Read The Voyages of Doctor Dolittle Online
Authors: Hugh Lofting
The Indians murmured and grunted with astonishment. At first they were
all for falling on their knees and worshiping the fire. Then they wanted
to pick it up with their bare hands and play with it. We had to teach
them how it was to be used; and they were quite fascinated when we laid
our fish across it on sticks and cooked it. They sniffed the air with
relish as, for the first time in history, the smell of fried fish passed
through the village of Popsipetel.
Then we got them to bring us piles and stacks of dry wood; and we made
an enormous bonfire in the middle of the main street. Round this, when
they felt its warmth, the whole tribe gathered and smiled and wondered.
It was a striking sight, one of the pictures from our voyages that I
most frequently remember: that roaring jolly blaze beneath the black
night sky, and all about it a vast ring of Indians, the firelight
gleaming on bronze cheeks, white teeth and flashing eyes—a whole town
trying to get warm, giggling and pushing like school-children.

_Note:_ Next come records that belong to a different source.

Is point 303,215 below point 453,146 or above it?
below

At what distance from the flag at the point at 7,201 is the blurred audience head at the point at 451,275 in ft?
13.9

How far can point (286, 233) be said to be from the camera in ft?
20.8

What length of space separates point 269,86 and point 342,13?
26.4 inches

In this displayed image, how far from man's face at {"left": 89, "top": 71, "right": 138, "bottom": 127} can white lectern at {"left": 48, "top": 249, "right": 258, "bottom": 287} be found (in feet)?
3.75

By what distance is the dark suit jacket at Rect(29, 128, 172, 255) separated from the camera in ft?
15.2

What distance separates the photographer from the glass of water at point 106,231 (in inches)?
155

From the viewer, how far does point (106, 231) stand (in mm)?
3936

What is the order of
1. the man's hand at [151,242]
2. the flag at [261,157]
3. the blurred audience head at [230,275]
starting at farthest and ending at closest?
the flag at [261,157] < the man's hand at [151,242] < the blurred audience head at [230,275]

In a little, when we had got them more used to the handling of fire,
the Doctor showed them how it could be taken into their houses if a hole
were only made in the roof to let the smoke out. And before we turned
in after that long, long, tiring day, we had fires going in every hut in
the village.
The poor people were so glad to get really warm again that we thought
they'd never go to bed. Well on into the early hours of the morning
the little town fairly buzzed with a great low murmur: the Popsipetels
sitting up talking of their wonderful pale-faced visitor and this
strange good thing he had brought with him—FIRE!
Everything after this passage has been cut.